Over 90% of the Company's worldwide sales are denominated in U.S.
dollars, and such sales are not subject to exchange rate fluctuations. The
Company's products are shipped by rail, truck and ocean carrier.

RESEARCH AND DEVELOPMENT

The Company's research and development activities focus on developing
new specialty cellulose and absorbent products, improving existing products, and
enhancing process technologies to further reduce costs and respond to
environmental needs. The Company has a history of innovation in specialty
cellulose products. The acquisition of Merfin added capability in the research
and development of new air-laid absorbent products. Buckeye has pilot plant
facilities in which to produce experimental cellulose products for qualification
in customers' plants. The Company has announced plans to invest $7.0 million in
a new air-laid nonwovens pilot plant.
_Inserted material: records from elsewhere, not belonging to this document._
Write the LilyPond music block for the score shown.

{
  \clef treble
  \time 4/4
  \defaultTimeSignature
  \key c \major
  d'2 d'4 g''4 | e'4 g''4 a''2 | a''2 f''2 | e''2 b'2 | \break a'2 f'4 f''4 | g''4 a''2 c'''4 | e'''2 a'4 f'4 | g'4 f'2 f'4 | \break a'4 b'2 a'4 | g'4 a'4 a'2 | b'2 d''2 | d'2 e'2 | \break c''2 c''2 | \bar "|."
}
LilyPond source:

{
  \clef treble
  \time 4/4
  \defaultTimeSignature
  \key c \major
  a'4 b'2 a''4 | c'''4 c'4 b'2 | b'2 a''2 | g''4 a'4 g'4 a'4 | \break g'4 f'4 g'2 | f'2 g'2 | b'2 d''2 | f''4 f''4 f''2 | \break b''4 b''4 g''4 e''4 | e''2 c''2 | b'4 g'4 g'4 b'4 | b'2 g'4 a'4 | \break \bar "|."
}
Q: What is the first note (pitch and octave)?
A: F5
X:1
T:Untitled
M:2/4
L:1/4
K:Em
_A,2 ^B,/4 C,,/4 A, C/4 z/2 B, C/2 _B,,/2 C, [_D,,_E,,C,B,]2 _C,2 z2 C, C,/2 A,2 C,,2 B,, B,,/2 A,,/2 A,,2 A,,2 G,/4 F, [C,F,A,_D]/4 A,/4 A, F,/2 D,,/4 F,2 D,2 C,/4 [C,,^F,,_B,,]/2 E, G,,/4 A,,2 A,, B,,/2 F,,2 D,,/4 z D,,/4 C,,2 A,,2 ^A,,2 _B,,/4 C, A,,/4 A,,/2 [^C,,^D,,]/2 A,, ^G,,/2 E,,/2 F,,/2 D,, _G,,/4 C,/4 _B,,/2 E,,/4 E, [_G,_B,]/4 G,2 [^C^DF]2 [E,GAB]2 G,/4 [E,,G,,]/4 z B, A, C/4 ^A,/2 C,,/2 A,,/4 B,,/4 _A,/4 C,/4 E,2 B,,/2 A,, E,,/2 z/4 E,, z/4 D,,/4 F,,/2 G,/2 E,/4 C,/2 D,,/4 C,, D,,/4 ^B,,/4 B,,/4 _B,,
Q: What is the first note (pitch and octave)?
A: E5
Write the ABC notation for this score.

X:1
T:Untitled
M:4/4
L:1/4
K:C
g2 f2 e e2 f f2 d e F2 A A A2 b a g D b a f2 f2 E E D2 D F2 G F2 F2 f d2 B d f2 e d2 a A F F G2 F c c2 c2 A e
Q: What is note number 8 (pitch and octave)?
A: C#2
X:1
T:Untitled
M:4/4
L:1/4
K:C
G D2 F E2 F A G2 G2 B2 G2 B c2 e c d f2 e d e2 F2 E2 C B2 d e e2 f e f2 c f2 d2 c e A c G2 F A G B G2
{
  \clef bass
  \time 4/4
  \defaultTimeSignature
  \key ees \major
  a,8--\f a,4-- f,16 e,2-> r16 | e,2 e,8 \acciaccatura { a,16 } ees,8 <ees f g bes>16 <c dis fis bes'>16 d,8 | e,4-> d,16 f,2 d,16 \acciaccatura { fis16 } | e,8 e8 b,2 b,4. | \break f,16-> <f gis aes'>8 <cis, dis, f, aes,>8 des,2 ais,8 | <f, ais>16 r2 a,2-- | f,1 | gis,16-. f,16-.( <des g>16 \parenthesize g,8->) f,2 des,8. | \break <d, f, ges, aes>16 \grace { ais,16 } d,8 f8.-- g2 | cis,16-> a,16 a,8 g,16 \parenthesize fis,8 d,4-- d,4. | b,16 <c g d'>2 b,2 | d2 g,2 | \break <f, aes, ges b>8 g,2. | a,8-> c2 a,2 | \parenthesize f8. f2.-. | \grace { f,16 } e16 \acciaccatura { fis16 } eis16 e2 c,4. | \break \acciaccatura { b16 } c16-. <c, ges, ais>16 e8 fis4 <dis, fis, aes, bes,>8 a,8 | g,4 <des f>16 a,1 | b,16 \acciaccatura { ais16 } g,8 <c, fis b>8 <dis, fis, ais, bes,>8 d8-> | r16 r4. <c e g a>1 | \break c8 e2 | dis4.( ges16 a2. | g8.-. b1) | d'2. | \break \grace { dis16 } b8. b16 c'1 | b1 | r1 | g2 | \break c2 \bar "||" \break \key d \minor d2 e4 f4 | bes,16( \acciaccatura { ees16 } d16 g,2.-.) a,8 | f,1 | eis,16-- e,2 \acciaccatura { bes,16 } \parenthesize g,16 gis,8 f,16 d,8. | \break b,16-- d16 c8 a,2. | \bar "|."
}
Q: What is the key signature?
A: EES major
This proprietary pilot facility will
support Buckeye's development efforts with a number of leading consumer products
companies and speed delivery of these breakthrough absorbent products to the
marketplace.

Research and development costs of $10.7 million, $8.4 million, and $5.4
million were charged to expense as incurred for the years ended June 30, 1998,
1997 and 1996, respectively.

COMPETITION

Buckeye's competitors include the following: Borregaard Industries,
Limited (Norway), Concert Industries (Canada), Duni AB (Sweden), Fort James
(U.S.), Georgia-Pacific Corporation (U.S.), Havix (Japan), Honshu (Japan),
Hosposables (U.S.), International Paper Company (U.S.), Personal Care Group
(U.S.), Rayonier, Inc. (U.S.), Sappi Limited (South Africa), Southern Cellulose
Products Inc. (U.S.), Spontex (U.K.), Tembec Inc. (Canada), UPM-Kymmene
Corporation (Finland), Western Pulp Limited Partnership (Canada), and
Weyerhaeuser Company (U.S.). Competition is based on product performance,
technical service, and, to a lesser extent, price. Southern Cellulose Products
Inc. is owned by Archer Daniels Midland, a subsidiary of which supplies cotton
fibers to the Company.

INTELLECTUAL PROPERTY

The Company currently holds five U. S. patents and three foreign
patents, and has 12 applications pending or in preparation. In addition, the
Company has access to royalty-free licenses for five U.S. patents and two
foreign patents. Buckeye intends to protect its patents, file the applications
in preparation, and file applications for any future inventions that are deemed
to be important to its business operations.

INFLATION

The Company believes that inflation has not had a material effect on
its results of operations or financial condition during recent periods.

SEASONALITY

The Company's business has generally not been seasonal to any
significant extent.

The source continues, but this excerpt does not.